Student reactions to elections

The great seal of the North Carolina general assembly. Inscribed is the state’s motto “Esse quam videri,” latin for “to be, rather than to seem”.

Tuesday 3, November marked the voting day for the midterm elections. Polls closed late at night with a dead heat, and a slight lead held by incumbent senator Kay Hagan (Democrat). However, when dawn broke and all votes were tallied, Thom Tillis (Republican) was revealed to be the winner of the senate by a slim margin of only 1.68% (48,511 individual votes). Hagan has been in office as a US senator since 2009, and had served in the NC state senate for 10 years prior. Thom Tillis will assume her office as senator on January 3rd, 2015.

High schoolers find themselves on the brink of being tossed into the land of adulthood, and many are forming opinions and reactions to important elections, even if they don’t hold the right to vote.

“I personally feel bad for teachers and middle-class people because Thom Tillis was elected,” said Alec Ballard, a junior who was disappointed by the outcome of the close race.

Other high school students exhibit little to no interest in politics.

“I don’t really care about elections. I don’t follow them,” said Adrian Corkery, sophomore. He, like some students, think high-schoolers are not old enough to be worrying about such things.

In contrast, some that pay close attention to the political landscape in North Carolina wish they would be allowed to make an impact sooner. Freshman students turning 15 this year will not be able to vote until 2018–well past the next presidential election.

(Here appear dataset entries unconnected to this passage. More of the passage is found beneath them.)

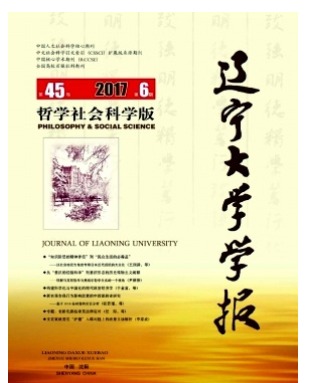 辽宁大学学报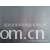 绍兴县雍秀纺织品有限公司-现货供应优质女装羽绒服面料（防寒服） YX8100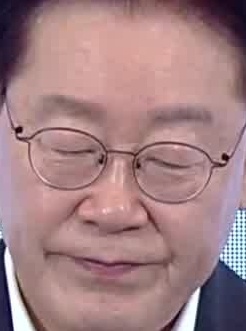 Face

US Senator elections only affect nationwide lawmaking. Just as important if not more important to Leesville students are the state and local elections, generally divided by district, in which state senators are elected to pass laws for North Carolina on a more local level. The Senate, a branch of the General Assembly, is comprised of 50 senators who serve terms of two years. Additionally, a Lieutenant governor is elected to break any votes that end in a tie.

The North Carolina house of representatives, where Thom Tillis is currently speaker, consists of 120 members who have two-year terms. U.S. Senator-elect Thom Tillis will represent only one vote amongst 100 other senators that can only operate at a national level to make laws for the entire country.

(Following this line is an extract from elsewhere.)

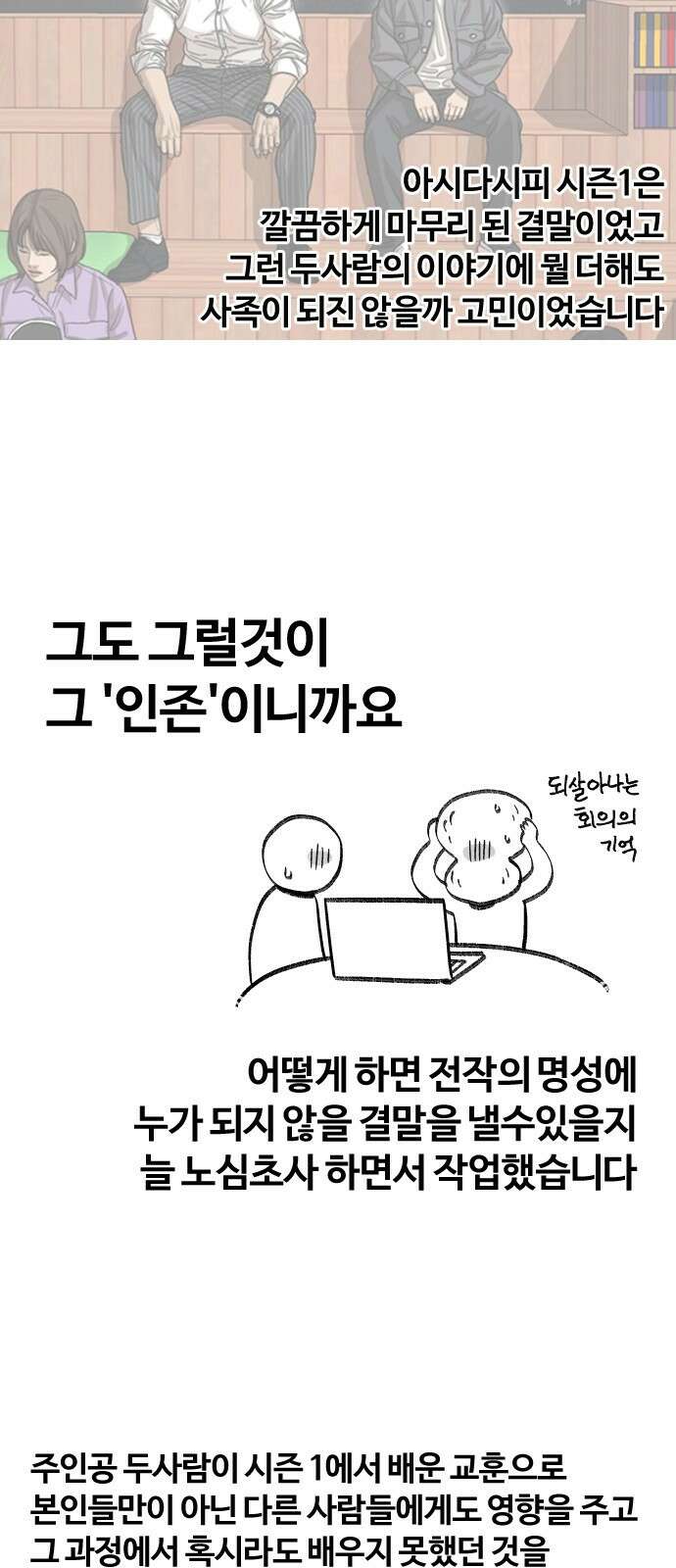 인생존망2 - 후기 2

For a high-school student, local elections might matter more because they set laws for things like drivers licenses and running schools. Do you know which candidates were on the ballot in your district?

In the November elections, Democrats only lost 1 seat to control 16 of the 50 state senate positions. In the State House, Republicans lost 3 seats to control 74 out of 120 offices. While NC gave control of Kay Hagans position in the senate to Thom Tillis, at the state level only a few seats changed hands, and the Republican party has a majority in the Senate, House, and Governorship (held by Republican Pat McCrory) to create a trifecta of total NC legislative control. Giving the republicans a majority in the House, to pass more laws favoring republican interests. Which, for Republican interests, is a big deal.

Whether or not you pay attention to this election, the day will come sooner rather than later, when today’s high school kids will be allowed to go forth unto the polling places and decide who will make laws for them. Those who choose to pay attention to the things that are going on in politics now might have an easier time deciding their stance on issues and who to elect when they finally can vote.